Focus haftalık haber dergisinde “Erdoğan idaresi hiçbir zaman şimdiki kadar sallantıda olmamıştı” başlığıyla yayınlanan makalede, AKP Genel Başkanının fiziksel zayıflıklarının ve hastalık belirtilerinin giderek arttığı, halefi hakkında şimdiden spekülasyonlar yapıldığı kaydedilerek “Ve Türkiye derinden bölünmüş durumda: ekonomi durgun, enflasyon dörtnala gidiyor, yoksulluk had safhada. Ama otokrat pes etmeyecektir.” denildi.
Thomas Jäger imzalı yazıda özetle şu hususlara değinildi: “Cumhurbaşkanı Erdoğan’ın sağlığıyla ilgili söylentiler uzun süredir ortalıkta dolaşıyordu. 2011 yılında geçirdiği bağırsak ameliyatından sonra kanser olduğundan şüphelenildi; 2017’de İstanbul’da bir camide namaz sırasında bayıldı; bu yılın Temmuz ayında bir konuşma sırasında kısaca uyukladı. Gözlemciler, onun yorgun ve enerjiden yoksun olduğunu belirtiyor. Bunu kanıtlayan videolar tekrar tekrar gösteriliyor. Bu videolarda yürürken eşinden destek alması gerekiyor, yalpalıyor gibi gözüküyor. Bunların doğru olup olmadığını tespit edebilmek çok zor.”

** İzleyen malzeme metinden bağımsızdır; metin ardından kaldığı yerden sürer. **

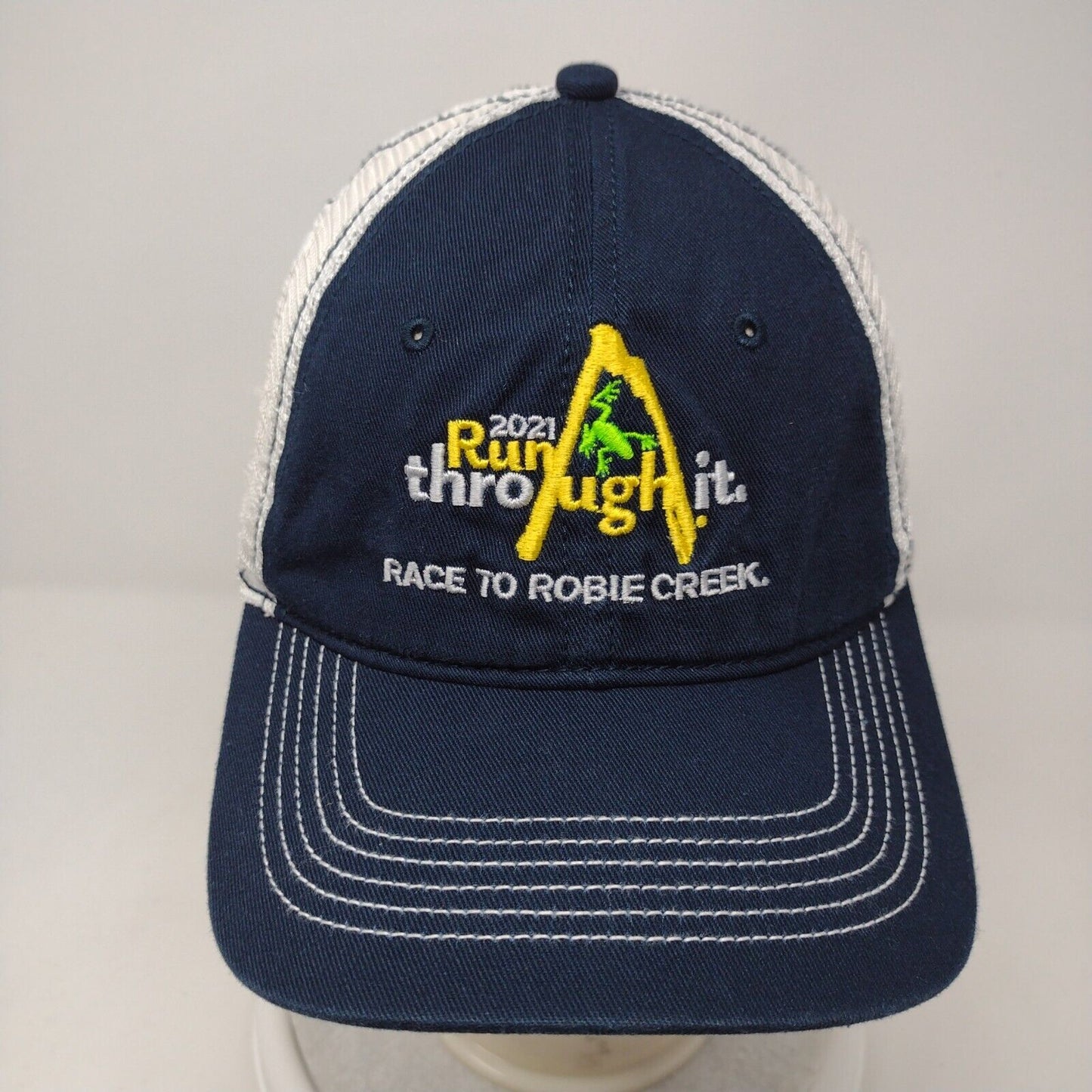2021 Run Through It Race To Robie Creek Trucker Hat Blue OSFA Mesh Back District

“Cumhurbaşkanı Erdoğan’ın siyasi yükselişi, Türkiye’nin ekonomik kalkınmasıyla son derece yakından bağlantılıydı. Erdoğan’ın ilk kez Başbakan olduğu 2003 yılında Dünya Bankası rakamlarına göre Türkiye’nin gayri safi yurtiçi hasılası 314 milyar dolardı. Bu rakam 2013 yılında 957 milyar dolara yükseldi. Yani On yılda üç katına çıktı, ancak o zamandan beri istikrarlı bir şekilde düşüyor ve 2020’de 720 milyar dolarda kaldı. İşsizlik bu dönemde nispeten yüksekti ve yüzde 8,4 ile yüzde 13,7 arasında değişti. Son beş yılda yüzde 10’un altına hiç düşmedi ve 2021’in başında yüzde 13.4 idi. Genç işsizliği (15 ila 24 yaş arası) uzun yıllardır yüzde 20’nin üzerinde, genellikle yüzde 30’a yakın.”

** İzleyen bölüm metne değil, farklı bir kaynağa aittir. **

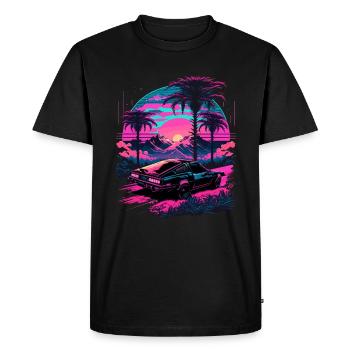 Paume Vaporwave - T-shirt Premium bio Homme - noir - Devant - Nico (187cm)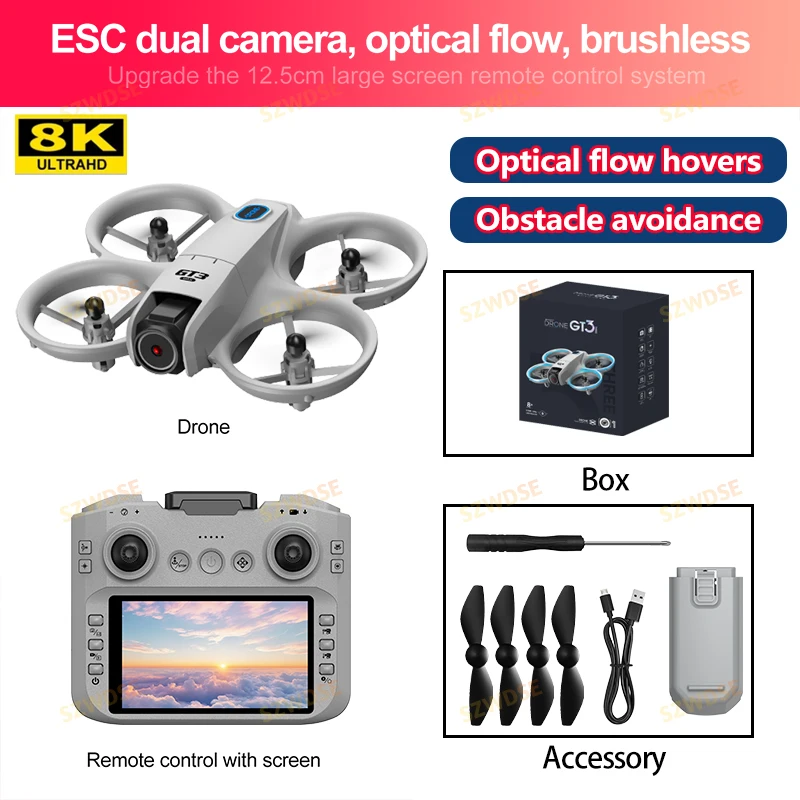 NIEUWE Originele GT3 Max Mini Drone 8K GPS Professionele HD Luchtfotografie Afstandsbediening Vliegtuigen HD Dual Camera Quadcopter Speelgoed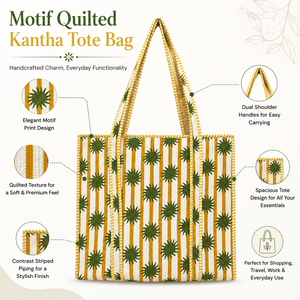 Motif Print Quilted Kantha Cotton Tote <b>Bag</b> with Contrast Handles Reusable Shopping Travel Shoulder <b>Bag</b> - Product Image 6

“Bu zor ekonomik duruma Türk lirasının değer kaybı eşlik ediyor. Şubat 2021’de 1 euro 8 TL iken bu Aralık başında 15 TL’ye çıktı. Bu da Türkiye’de yaşamı yabancılar için çok daha ucuz, ancak Türk halkı için dayanılamaz hale getiriyor. Çünkü fiyatlar hızla yükseliyor. Enflasyon resmi olarak Kasım 2021 için yüzde 21,3; nüfusun bazı kesimleri için gerekli ürünler bazında hesaplandığında daha da yüksek olduğu tahmin ediliyor. Net asgari ücreti 2825,90 TL, yani 10 Aralık 2021 itibariyle 180,86 euro’ya tekabül ediyordu.”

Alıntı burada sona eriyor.